Using a BufferBlock to Read and process in Parallel
March 19, 2013
Wrote an app this week - top secret of course - to load data from a database and process the contents. The reading from the database is the slow part and the processing takes slightly less time. I decided it might help if I could read a batch of results into memory and process it while loading the next batch.
Batching was dead easy, I found an excellent extension method on the internet that batches up an enumerable and yields you a sequence of arrays.
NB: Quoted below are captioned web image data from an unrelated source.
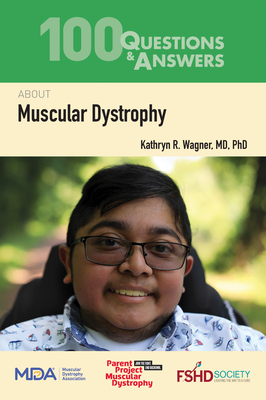 100 Questions & Answers About Muscular Dystrophy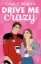 Buchcover und Innenansicht für das Buch: Drive Me Crazy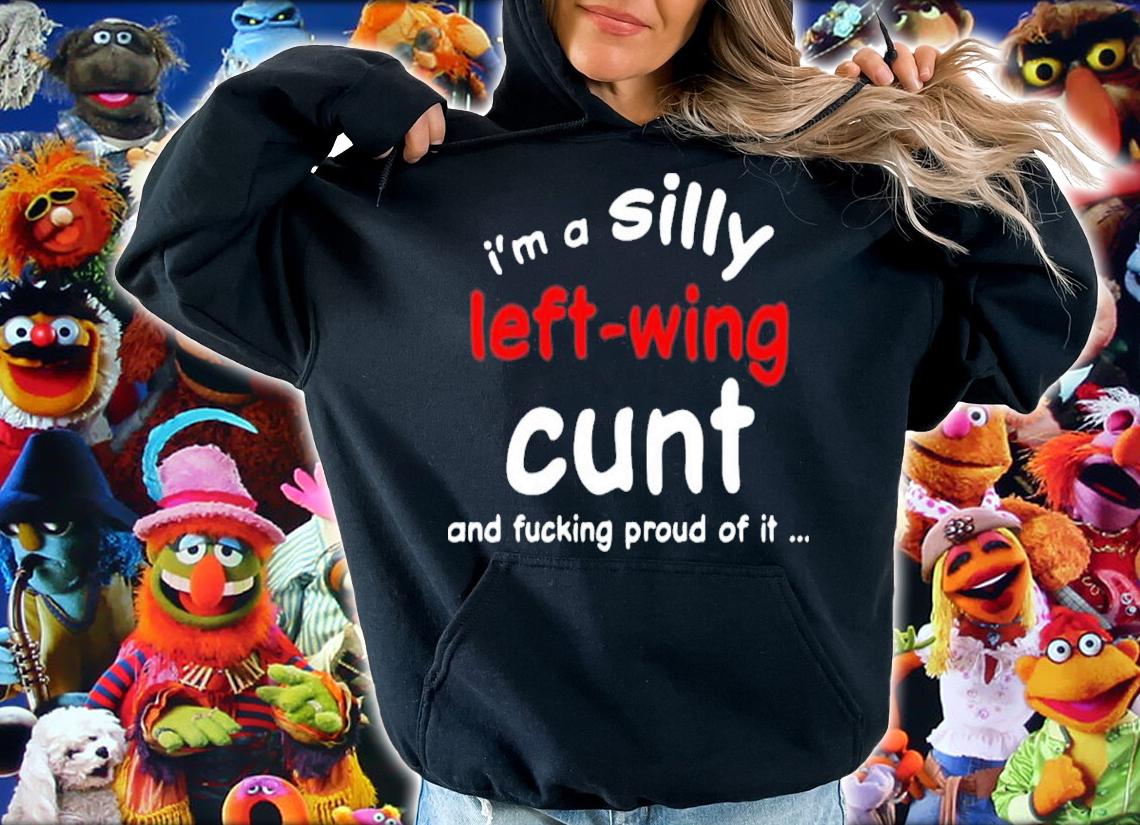 I'm A Silly Left Wing Cunt And Fucking Proud Of It New Shirt t-shirt hoodie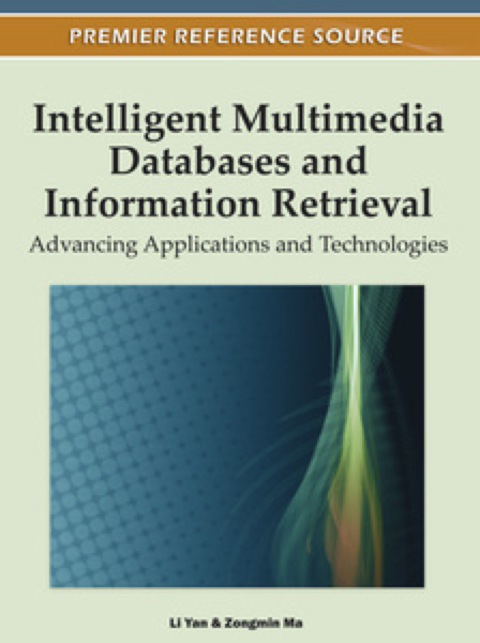 Cover image for book Intelligent Multimedia Databases and Information Retrieval
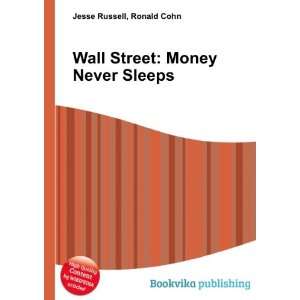  Wall Street Money Never Sleeps Ronald Cohn Jesse Russell 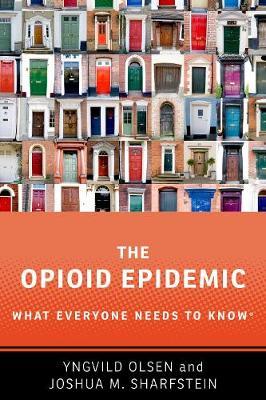 The Opioid Epidemic: What Everyone Needs to Knowr - Yngvild Olsen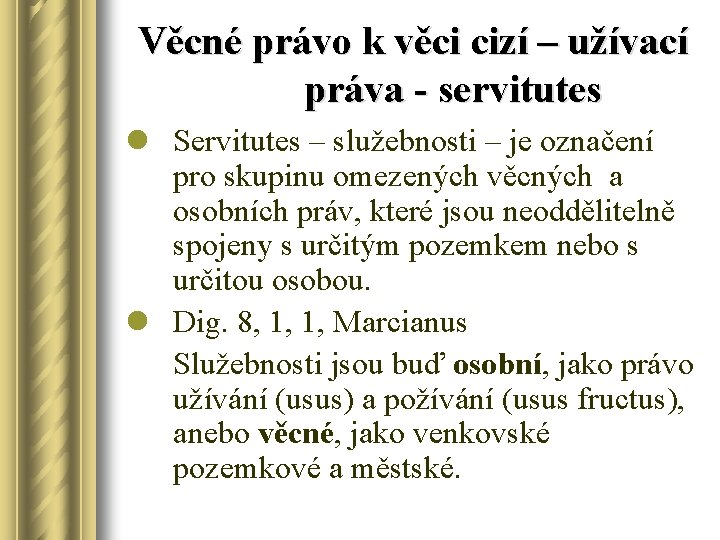 Věcné právo k věci cizí – užívací práva - servitutes l Servitutes – služebnosti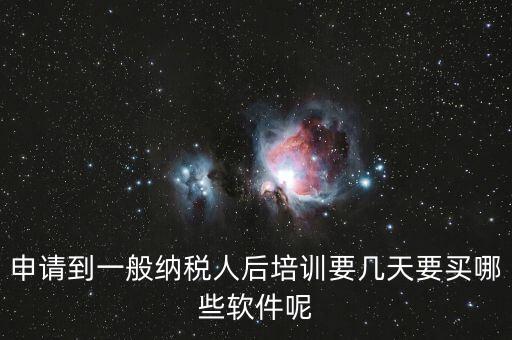 新辦納稅人培訓(xùn)什么，申請到一般納稅人后培訓(xùn)要幾天要買哪些軟件呢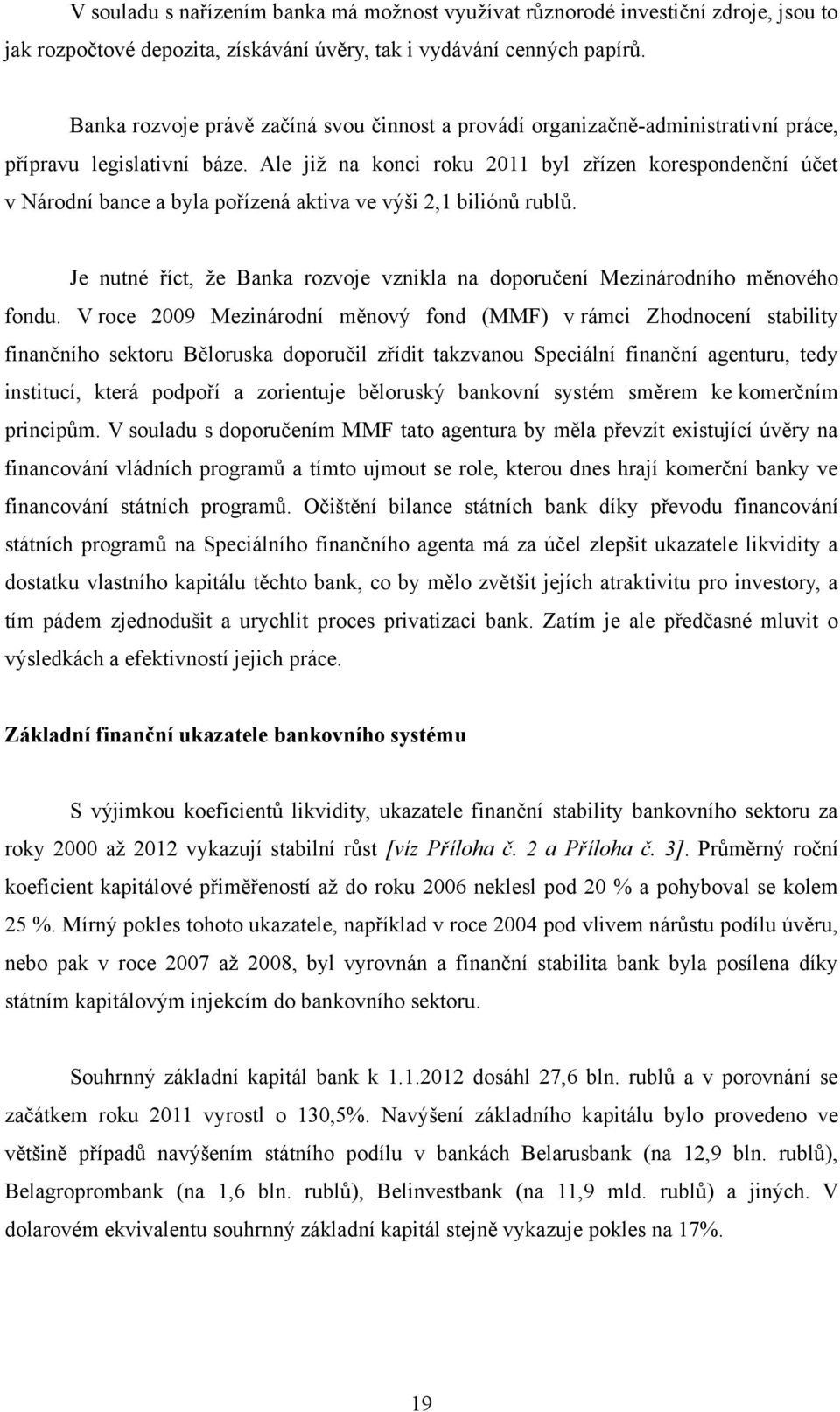 Ale jiţ na konci roku 2011 byl zřízen korespondenční účet v Národní bance a byla pořízená aktiva ve výši 2,1 biliónů rublů.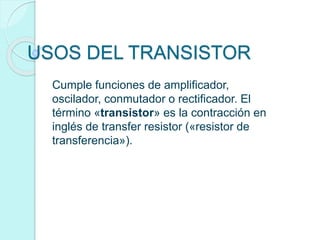 USOS DEL TRANSISTOR
Cumple funciones de amplificador,
oscilador, conmutador o rectificador. El
término «transistor» es la contracción en
inglés de transfer resistor («resistor de
transferencia»).
 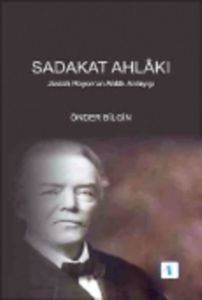 Sadakat Ahlakı; Josiah Royceun Ahlâk Anlayışı - 1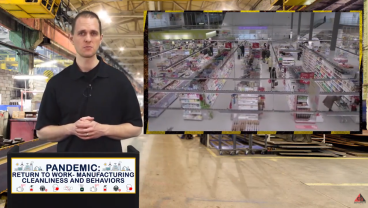 PANDEMIC: RETURN TO WORK MANUFACTURING CLEANLINESS AND BEHAVIORS video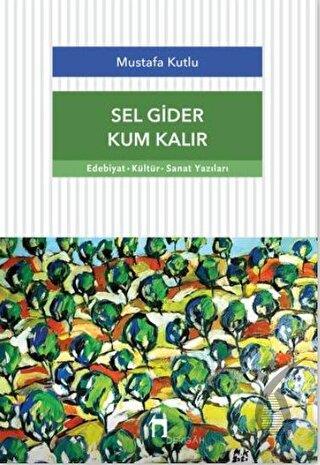 Sel Gider Kum Kalır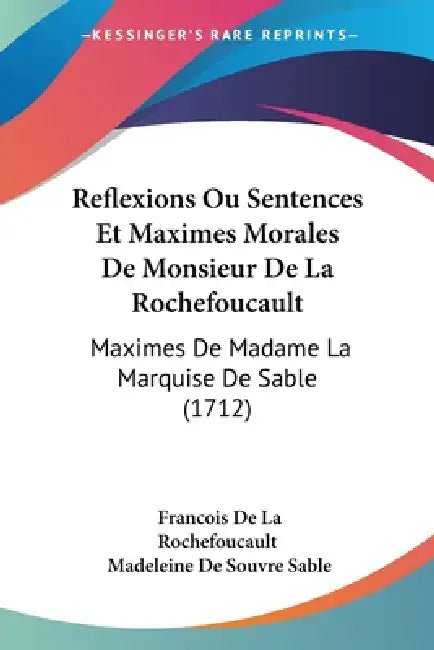 Reflexions Ou Sentences Et Maximes Morales De Monsieur De La Rochefoucault: Maximes De Madame La Marquise De Sable (1712) by Francois De La Rochefoucault, Madeleine De Souvre Sable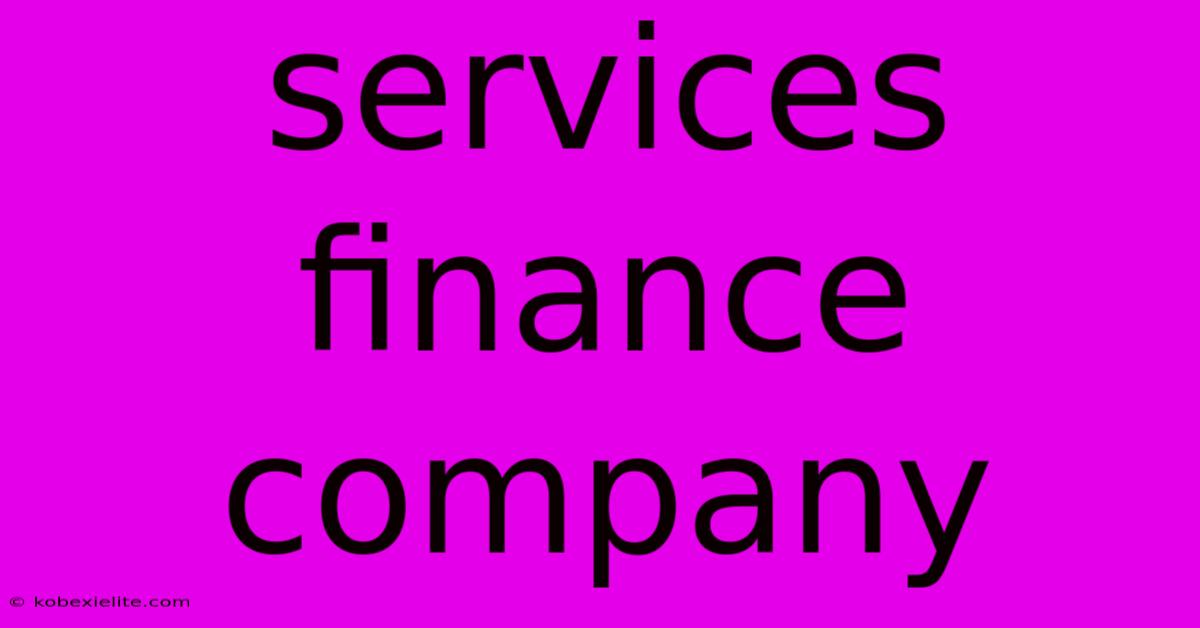 Services Finance Company Services Finance Company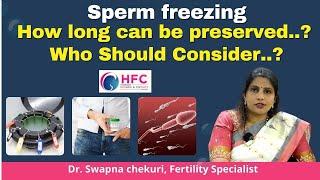 What Is Sperm Freezing || Who Should Consider Sperm Freezing || HFC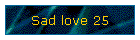Sad love 25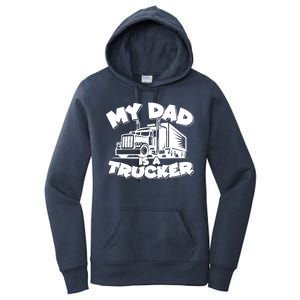 My Dad Is A Trucker Cute Women's Pullover Hoodie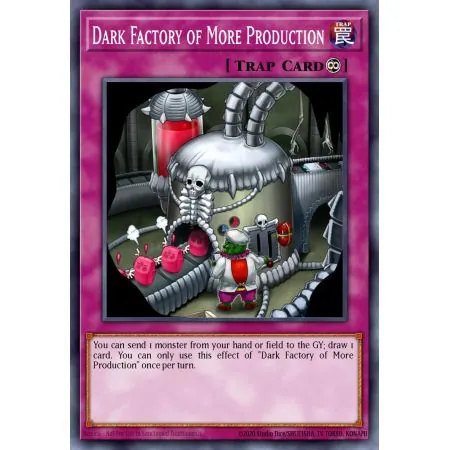 Dark Factory of More Production (Common)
The code looks like this, in case you can’t be bothered to click the link:
public static IEnumerable<T[]> Batch<T>(this IEnumerable<T> sequence, int batchSize)
{
var batch = new List<T>(batchSize);
foreach (var item in sequence)
{
batch.Add(item);
if (batch.Count >= batchSize)
{
yield return batch.ToArray();
batch.Clear();
}
}
if (batch.Count > 0)
{
yield return batch.ToArray();
batch.Clear();
}
}
That works really well, but it doesn’t give me the parallel read and process I’m looking for. After a large amount of research, some help from an esteemed colleague and quite a bit of inappropriate language, I ended up with the following. It uses the BufferBlock class which is a new thing from Microsoft’s new Dataflow Pipeline libraries (which provide all sorts of very useful stuff which I may well write an article on at a later date). The BufferBlock marshals data over thread boundaries in a very clean and simple way.
public static IEnumerable<T[]> BatchAsync<T>(this IEnumerable<T> sequence, int batchSize)
{
BufferBlock<T[]> buffer = new BufferBlock<T[]>();
var reader = new Thread(() =>
{
foreach (var batch in sequence.Batch(batchSize))
{
buffer.Post(batch);
}
buffer.Post(null);
buffer.Complete();
}) { Name = "Batch Reader Async" };
reader.Start();
T[] blocktoProcess;
while ((blocktoProcess = buffer.Receive()) != null)
{
yield return blocktoProcess;
}
}
The database read is done on a new thread and data is pulled back to the calling thread in batches. This makes for nice clean code on the consumer side!